Neuronavigation and classification of craniopharyngiomas can guide surgical approaches and prognostic information. The QST classification has been developed according to the origin of craniopharyngiomas; however, accurate preoperative automatic segmentation and the QST classification remain challenging. This study aimed to establish a method to automatically segment multiple structures in MRIs, detect craniopharyngiomas, and design a deep learning model and a diagnostic scale for automatic QST preoperative classification.
We trained a deep learning network based on sagittal MRI to automatically segment six tissues, including tumors, pituitary gland, sphenoid sinus, brain, superior saddle cistern, and lateral ventricle. A deep learning model with multiple inputs was designed to perform preoperative QST classification. A scale was constructed by screening the images.

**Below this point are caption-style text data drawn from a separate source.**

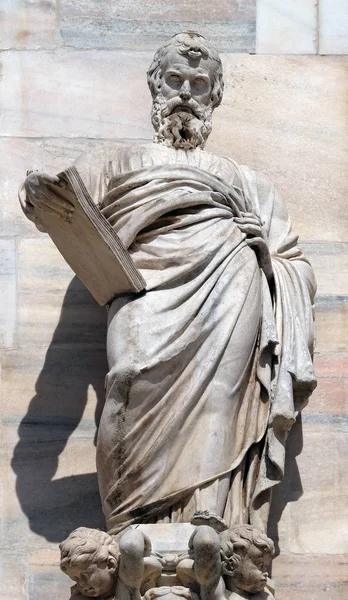 Matthew Evangelist Statue Milan Cathedral Duomo Santa Maria Nascente Milan — стоковое фото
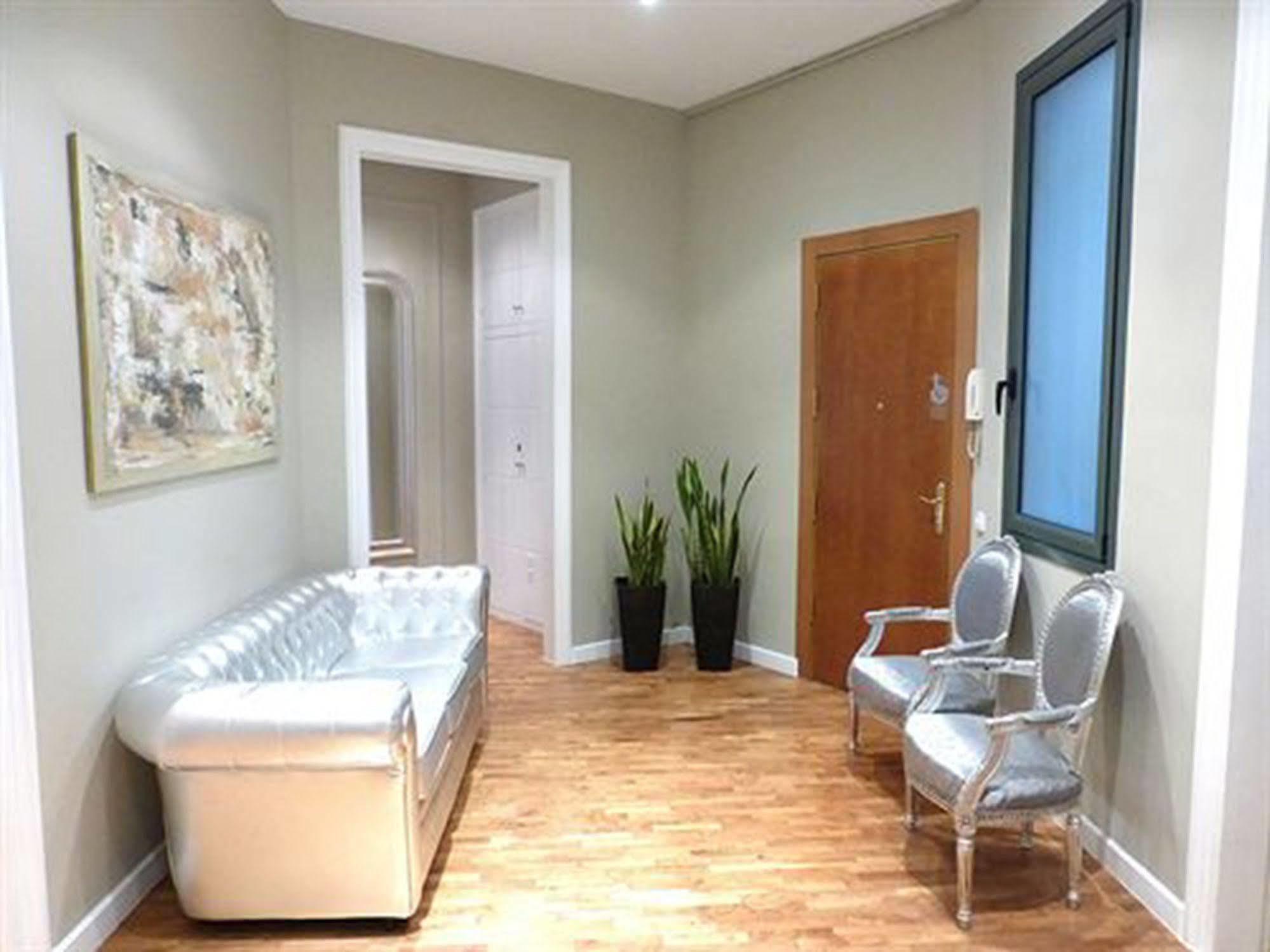 Super Balmes Guest House 바르셀로나 외부 사진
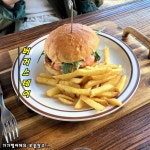 [제주시 구좌읍] 세화해수욕장에 위치한 감성적인 공간의 제주도 수제버거 맛집인 버거스테이 - kakaoTV [제주시 구좌읍] 세화해수욕장에... 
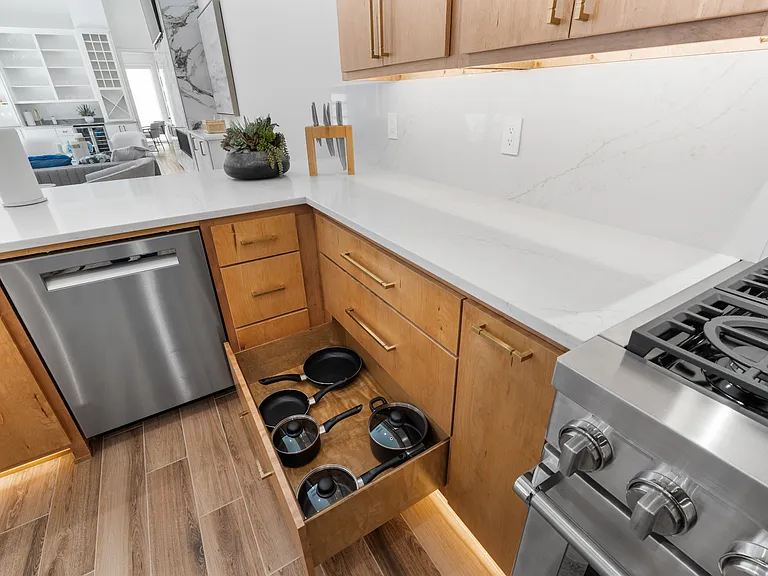 3804 S Saint Louis Ave — Photo 99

The results were calculated based on the fivefold cross-validation method. A total of 133 patients with craniopharyngioma were included, of whom 29 (21.8%) were diagnosed with type Q, 22 (16.5%) with type S and 82 (61.7%) with type T. The automatic segmentation model achieved a tumor segmentation Dice coefficient of 0.951 and a mean tissue segmentation Dice coefficient of 0.8668 for all classes. The automatic classification model and clinical scale achieved accuracies of 0.9098 and 0.8647, respectively, in predicting the QST classification.
The automatic segmentation model can perform accurate multi-structure segmentation based on MRI, which is conducive to clearing tumor location and initiating intraoperative neuronavigation. The proposed automatic classification model and clinical scale based on automatic segmentation results achieve high accuracy in the QST classification, which is conducive to developing surgical plans and predicting patient prognosis.